The technical solution of the present disclosure is as follows:
an antenna unit is provided, which includes a first radiation patch, a feed structure, a second radiation patch disposed separately from one side of the first radiation patch, a ground plate disposed separately from one side of the second radiation patch facing away from the first radiation patch, and an insulating dielectric layer disposed between the second radiation patch and the ground plate. The number of the feed structures is two. Each of the feed structures includes a feeding post and a feeding outer ring. The feeding post passes through the insulating dielectric layer and the ground plate, and one end of the feeding post is connected with the second radiation patch, the other end of the feeding post extends out of the ground plate. The ground plate is provided with a first avoidance hole for avoiding the feeding post, and an outer wall surface of the feeding outer ring is connected with an inner wall surface of the first avoidance hole. The feeding post is coaxial with the feeding outer ring and arranged separately from the feeding outer ring.
Further, the feeding post includes a first post and a second post with an outer diameter smaller than that of the first post. The first post penetrates and is provided within the insulating dielectric layer, and one end of the first post is connected with the second radiation patch. One end of the second post is connected with one end of the first post facing away from the second radiation patch, and the other end of the second post extends out of the ground plate.
Further, the antenna unit further includes a ground post. The ground post passes through the second radiation patch and the insulating dielectric layer, and one end of the ground post is connected with the first radiation patch and the other end of the ground post is connected with the ground plate. The second radiation patch is provided with a second avoidance hole for the ground post to pass through, and an outer wall of the ground post is not in contact with an inner wall of the second avoidance hole.
Further, a cross-sectional area of the first radiation patch is larger than a cross-sectional area of the second radiation patch.
Further, four feeding slots are disposed in the second radiation patch along a circumferential direction.
Further, the four feeding slots are distributed at equal intervals along a circumferential direction.
Further, each of the feeding slots includes a first opening and two second openings respectively communicated with both ends of the first opening. The second openings are arranged facing to an opposite side of the first opening of the feeding slot.

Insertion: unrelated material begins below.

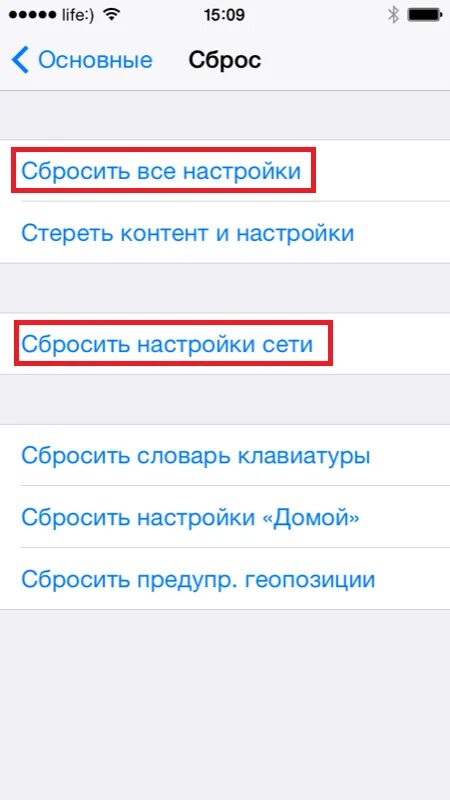 Сброс настроек айфон забыл пароль. Сбросить айфон 5s до заводских. Сброс айфона до заводских настроек. Как скинуть все настройки. Как сбросить настройки на айфоне 5.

Further, a length direction of the second opening is perpendicular to a length direction of the first opening.
An antenna array is further provided, which is formed by connecting a plurality of the above-described antenna units.
The present disclosure has beneficial effects that a dual-frequency is formed by a double-layer patch coupling without increasing a volume of the antenna unit. In addition, an adjustment of the second radiation patch and the feed structure forms a good match, which has an obvious advantage in increasing a bandwidth and improving a cross-polarization ratio. Further, a dual-polarization implementation mode is simple in structure without requiring an extra power division and inverse structure support.
In the figures:
100: Antenna array; 10: Antenna unit; 1: First radiation patch; 2: Second radiation patch; 3: Ground plate; 4: Insulating dielectric layer; 5: Feed structure; 51: Feeding post; 52: Protection ring; 30: First avoidance hole; 511: First post; 512: Second post; 201: Second avoidance hole; 6: Ground post; 202: Feeding slot; 203: First opening; 204: Second opening.

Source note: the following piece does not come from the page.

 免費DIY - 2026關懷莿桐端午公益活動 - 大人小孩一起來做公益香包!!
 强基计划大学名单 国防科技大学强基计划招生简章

The present disclosure will be further described below with reference to accompanying drawings and embodiments.
Referring to
A dual-frequency is formed by a double-layer patch coupling without increasing a volume of the antenna unit. A dual polarization is realized by adjusting the second radiation patch 2 and the two feed structures 5, which has an obvious advantage in increasing a bandwidth and improving a cross-polarization ratio. In addition, the implementation mode is simple in structure without requiring an extra power division and inverse structure support. A dielectric constant of the insulating dielectric layer is preferably 3.3, and a matching may be effectively adjusted by positions and sizes of the two feed structures.
Preferably, the feeding post 51 includes a first post 511 and a second post 512 with an outer diameter smaller than that of the first post 511. The first post 511 penetrates and is provided within the insulating dielectric layer 4, and one end of the first post 511 is connected with the second radiation patch 2. One end of the second post 512 is connected with one end of the first post 511 facing away from the second radiation patch 2, and the other end of the second post 512 extends out of the ground plate 3.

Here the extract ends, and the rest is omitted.